The euro recorded a five-day low a little above $1.1720 before rebounding to $1.1785 in the European morning.  Yesterday’s it briefly poked above $1.18, where there is an option for roughly 675 mln euros that will be cut today.  An option for 2.1 bln euros that expires tomorrow is struck at $1.1875.  The intraday technical readings are stretched, and this may encourage early North American dealers to sell into the euro’s upticks.  After bottoming near $1.3055 in late Asian turnover, sterling is testing the $1.31 area, where it peaked yesterday.  The intraday technical readings are not as stretched as the euro’s, but gains are likely to be capped in front of the $1.3140 area.   

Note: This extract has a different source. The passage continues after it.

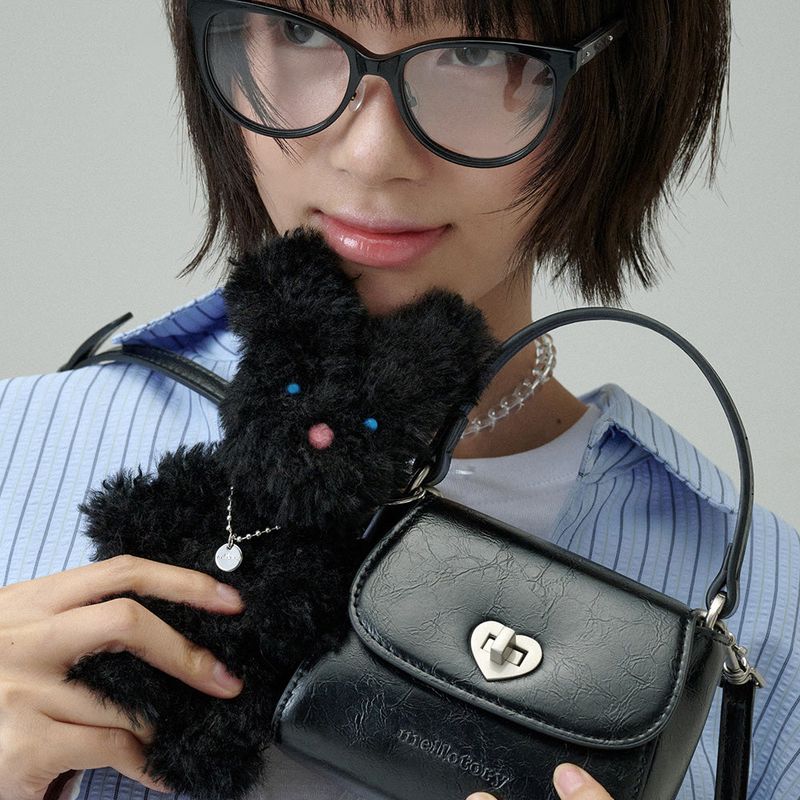 mellotory（メロートリー）の「HEART LOCK MINI BAG (BLACK)（Bags）」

Ahead of the review of the Phase 1 trade agreement later this week, reports suggest China is stepping up its purchases for US soy.  Six cargoes for November and December shipments apparently were bought yesterday.  Reports suggest the new soy orders may be coming at the expense of Brazil.  

President Trump opined that Q3 GDP could be 20%.  While this could simply be a case of cheerleading and aspirational, it is notable that the Atlanta Fed’s GDP tracker currently puts it at 20.5%.  The NY Fed’s model is at 14.6%.  Trump has said he is considering a capital gains tax cut.  While the executive branch does not have that authority, it could index capital gains to inflation, which has long been advocated by some Republicans.  

The US reports July producer prices today. They are not typically a market-mover even in the best of times.  The headline year-over-year rate will remain in deflationary territory, (-0.7% likely instead of -0.8%).  Even when energy (and food) are dropped, the core PPI is expected to have remained near zero.  Still, the week’s data highlights, which include CPI, retail sales, and industrial production, lie ahead.  Canada reports July housing starts.  They may ease after jumping by more than a quarter in the May-June period.  Like the US, housing and autos, appear to be leading the Canadian recovery.  Mexico is expected to announce that the four-month slide in industrial output came to an end with a bang in June.  The median forecast in the Bloomberg survey projects a 17.1% increase in the month, as the manufacturing sector got some traction even though the pandemic continues to hit hard.   The highlight for Mexico will likely be the rate cut later in the week (from 5.0% to 4.5%).  Minutes from last week’s Brazil’s central bank meeting, where a 25 bp rate cut was delivered.  These may prove more important than usual as investors try to work out how much easing is left and the chances that the central bank uses its recently granted powers to buy long-term assets (government and corporate bonds).  

The US dollar has given back the gains against the Canadian dollar scored in the last two sessions.  The greenback is pushing through CAD1.33, where a $712 mln option is set to expire today.  Last week’s lows were set near CAD1.3235-CAD1.3245.  That is the next target.  That said, the intraday technicals are stretched.  Resistance is seen in the CAD1.3340-CAD1.3360 area.  The US dollar is at the lower end of the five-day range (MXN22.30-MXN22.32).  While there is some scope for intraday penetration, the market does not appear to have much conviction. Here, too, the intraday technicals are a bit stretched, suggesting limited scope for follow-through dollar selling in the North American morning.  The dollar settled yesterday at its best level against the Brazil real in over a month (~BRL5.48).  Nearby resistance is seen in the BRL5.50-BRL5.53 area.  Support is pegged around BRL5.34-BRL5.35.